#### What to produce
This task asks for the lines from the one with "06.10.2024 - 19." to the final line below, repeated exactly, with pictures omitted.

#### Information shown

============

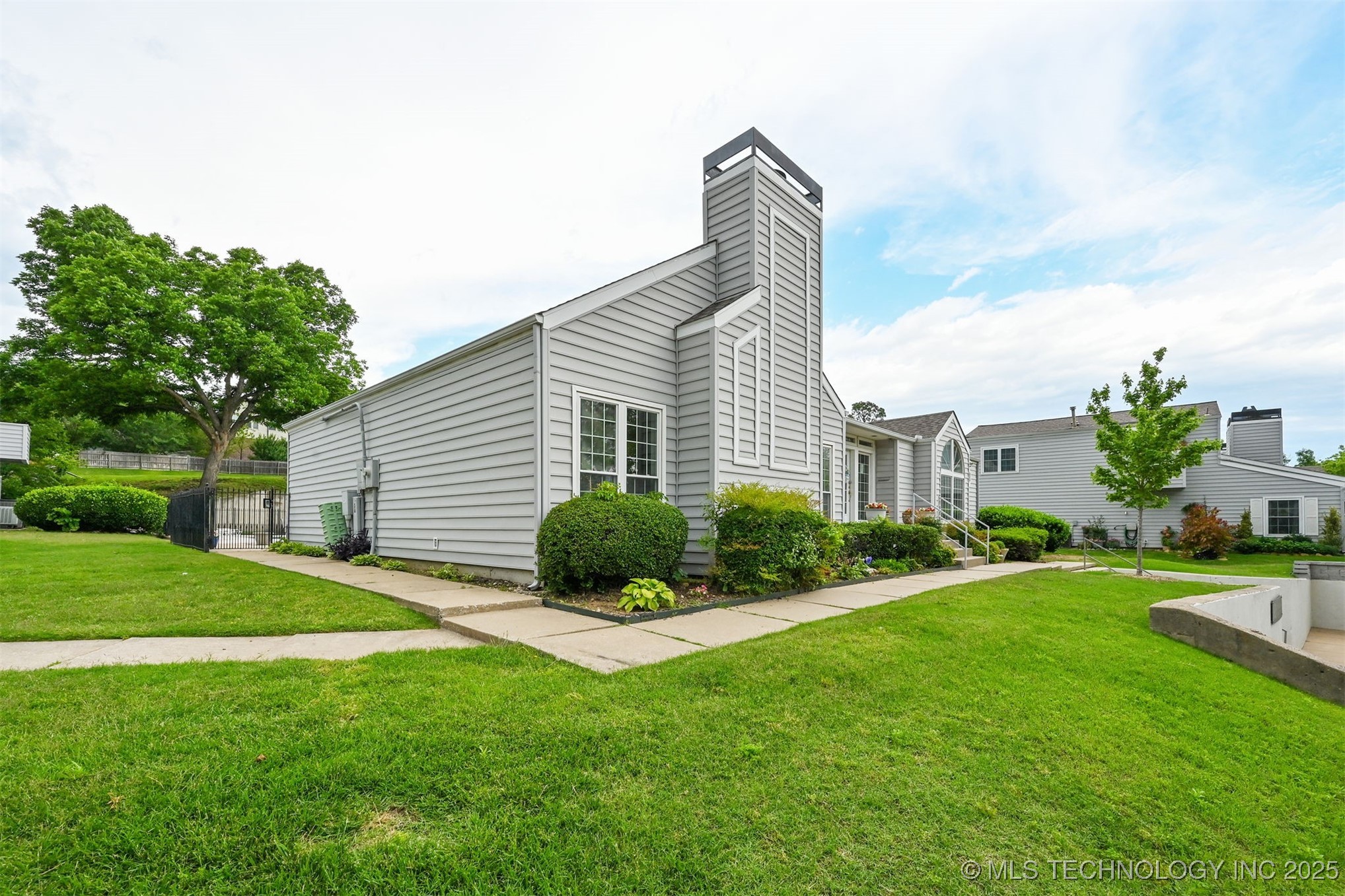 8935 S Norwood Avenue 1402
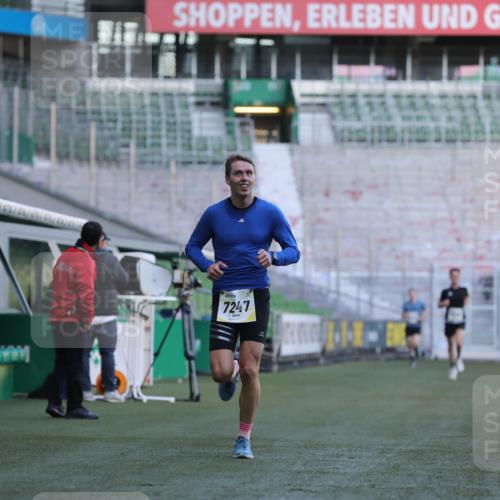 06.10.2024 - 19. swb-Marathon Bremen Yannick Fuchs http://msf.ph/oto/7377077 06.10.2024 10:18:34 Laufen im Stadion 7247, 8300, 8513, 8647, 8753, 8780, 9063 meine-sportfotos.de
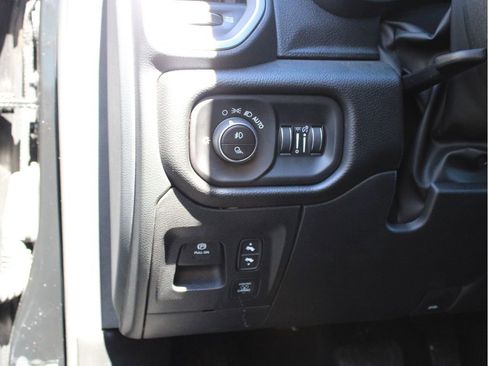 New 2026 RAM 1500 Big Horn AWD/4WD image 12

============

#### Output
 06.10.2024 - 19. swb-Marathon Bremen Yannick Fuchs http://msf.ph/oto/7377077 06.10.2024 10:18:34 Laufen im Stadion 7247, 8300, 8513, 8647, 8753, 8780, 9063 meine-sportfotos.de
 New 2026 RAM 1500 Big Horn AWD/4WD image 12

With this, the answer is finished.